[The records]

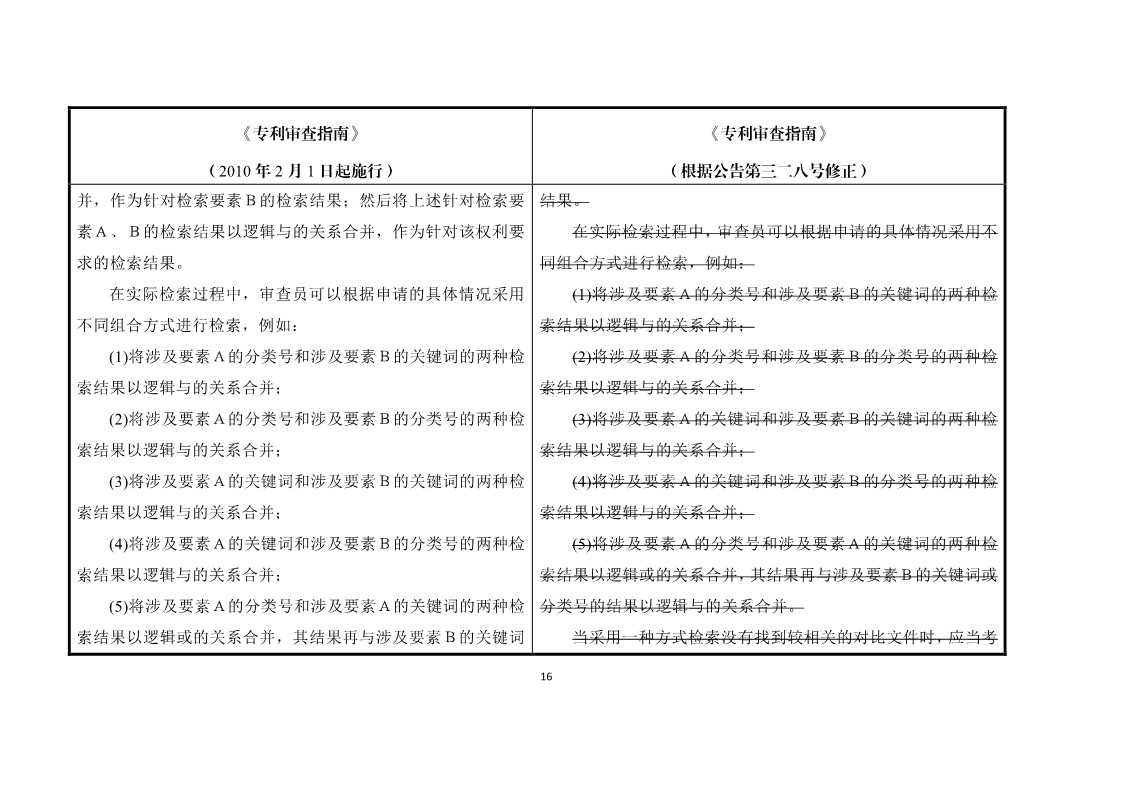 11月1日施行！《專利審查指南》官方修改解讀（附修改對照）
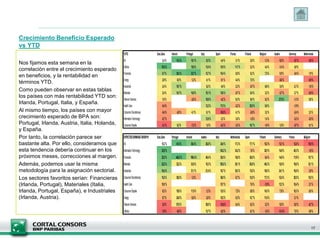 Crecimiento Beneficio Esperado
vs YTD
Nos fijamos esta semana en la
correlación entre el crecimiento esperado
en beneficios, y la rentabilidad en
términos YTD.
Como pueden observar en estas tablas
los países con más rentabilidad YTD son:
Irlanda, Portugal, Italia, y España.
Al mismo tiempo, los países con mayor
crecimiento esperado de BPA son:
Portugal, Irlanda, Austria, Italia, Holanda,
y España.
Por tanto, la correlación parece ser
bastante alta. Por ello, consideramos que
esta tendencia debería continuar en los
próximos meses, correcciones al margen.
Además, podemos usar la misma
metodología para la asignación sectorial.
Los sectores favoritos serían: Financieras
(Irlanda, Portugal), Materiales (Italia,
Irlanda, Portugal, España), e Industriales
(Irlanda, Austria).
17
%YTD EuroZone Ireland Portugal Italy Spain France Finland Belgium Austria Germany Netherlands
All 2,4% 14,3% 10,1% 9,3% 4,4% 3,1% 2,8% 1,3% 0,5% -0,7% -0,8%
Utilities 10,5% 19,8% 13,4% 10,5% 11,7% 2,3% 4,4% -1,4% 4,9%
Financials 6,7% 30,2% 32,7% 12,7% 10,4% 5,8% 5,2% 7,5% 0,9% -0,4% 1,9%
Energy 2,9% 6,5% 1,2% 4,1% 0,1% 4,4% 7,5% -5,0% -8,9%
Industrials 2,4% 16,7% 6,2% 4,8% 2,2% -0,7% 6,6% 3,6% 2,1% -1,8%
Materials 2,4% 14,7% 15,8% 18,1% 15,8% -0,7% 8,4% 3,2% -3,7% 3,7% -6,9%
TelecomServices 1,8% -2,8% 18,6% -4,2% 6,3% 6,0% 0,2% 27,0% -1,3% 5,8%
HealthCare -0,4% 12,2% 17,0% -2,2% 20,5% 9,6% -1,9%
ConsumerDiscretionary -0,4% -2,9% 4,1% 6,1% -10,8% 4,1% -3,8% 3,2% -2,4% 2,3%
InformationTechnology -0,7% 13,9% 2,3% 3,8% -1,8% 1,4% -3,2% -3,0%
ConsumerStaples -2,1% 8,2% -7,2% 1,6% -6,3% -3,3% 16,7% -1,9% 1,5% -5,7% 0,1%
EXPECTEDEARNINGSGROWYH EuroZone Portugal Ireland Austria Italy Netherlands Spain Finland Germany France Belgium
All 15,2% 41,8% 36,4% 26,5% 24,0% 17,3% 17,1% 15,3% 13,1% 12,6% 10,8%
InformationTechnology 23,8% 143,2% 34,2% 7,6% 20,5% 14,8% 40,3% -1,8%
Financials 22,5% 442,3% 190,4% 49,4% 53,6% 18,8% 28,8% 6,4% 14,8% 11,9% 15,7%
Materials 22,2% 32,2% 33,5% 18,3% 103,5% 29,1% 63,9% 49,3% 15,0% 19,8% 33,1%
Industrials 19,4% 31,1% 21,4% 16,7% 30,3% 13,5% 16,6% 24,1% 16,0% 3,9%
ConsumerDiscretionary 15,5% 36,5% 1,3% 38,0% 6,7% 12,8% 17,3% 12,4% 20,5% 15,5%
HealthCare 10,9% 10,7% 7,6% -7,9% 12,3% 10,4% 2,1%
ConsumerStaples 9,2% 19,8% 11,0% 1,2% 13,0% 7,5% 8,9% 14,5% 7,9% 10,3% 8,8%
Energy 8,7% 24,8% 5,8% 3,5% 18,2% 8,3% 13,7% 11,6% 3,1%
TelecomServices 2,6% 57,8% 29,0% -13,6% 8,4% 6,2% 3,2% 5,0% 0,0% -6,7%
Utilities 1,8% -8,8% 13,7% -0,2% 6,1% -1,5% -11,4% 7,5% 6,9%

[/The records]
[The records]

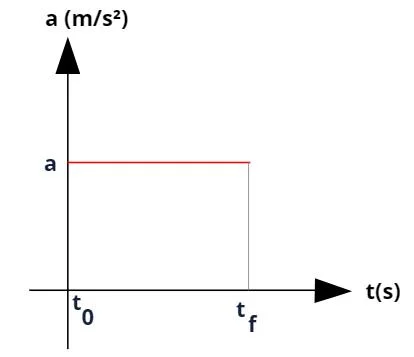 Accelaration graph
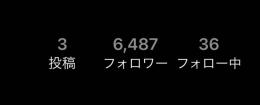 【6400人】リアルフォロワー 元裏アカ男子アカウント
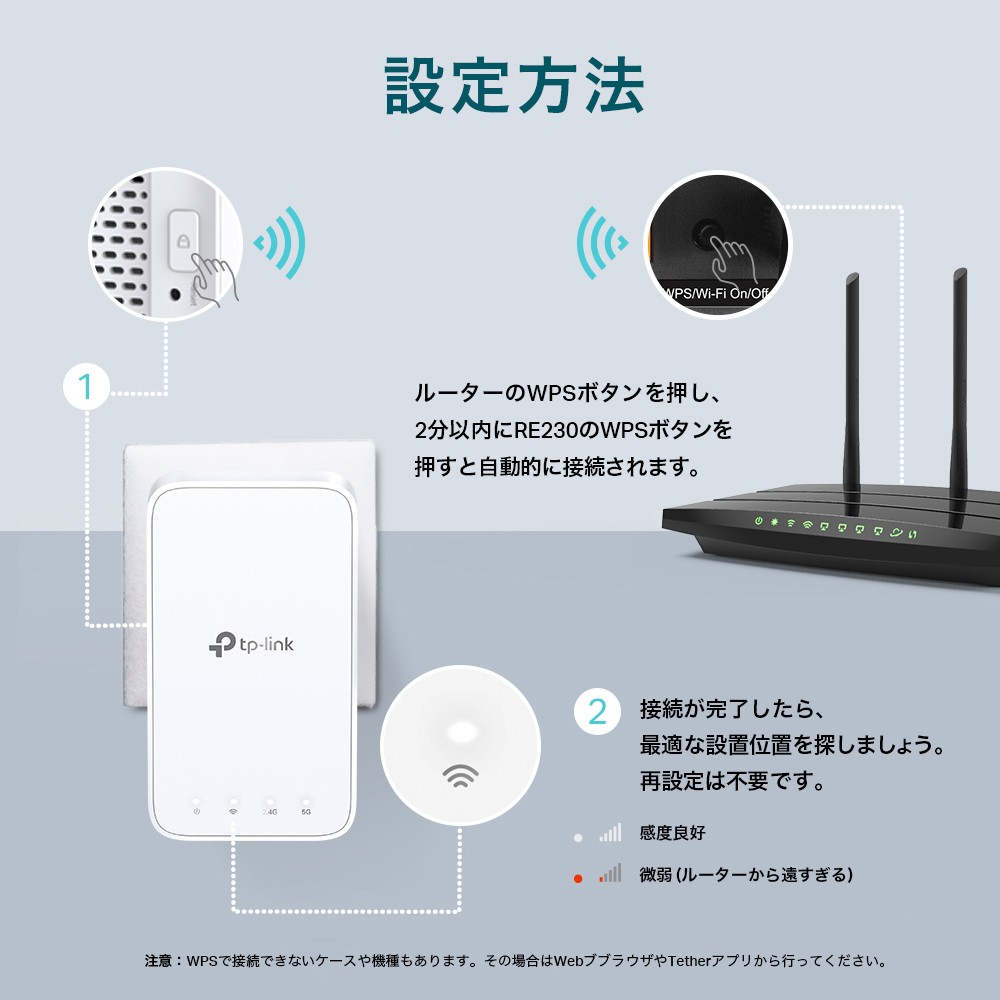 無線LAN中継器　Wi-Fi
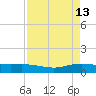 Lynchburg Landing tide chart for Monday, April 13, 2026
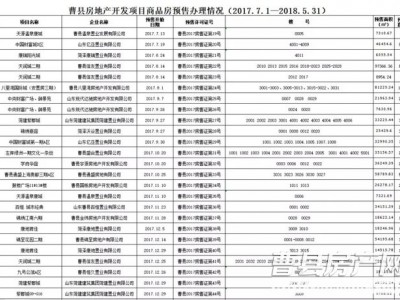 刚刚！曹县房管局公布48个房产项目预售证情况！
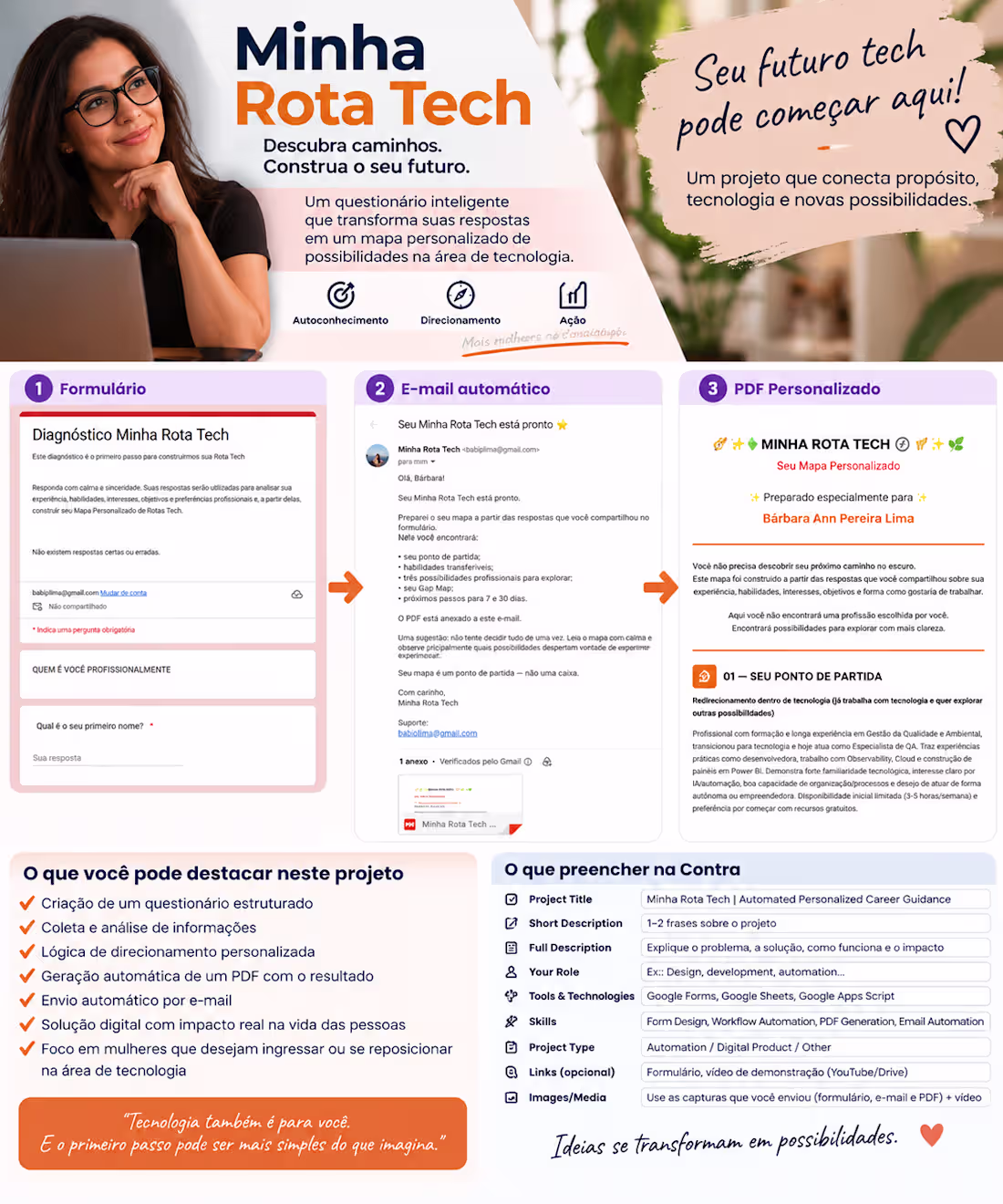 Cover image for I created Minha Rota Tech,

[/The records]

Every line in the data above that contains the word "Finland" counts; report how many there are and nothing more.

2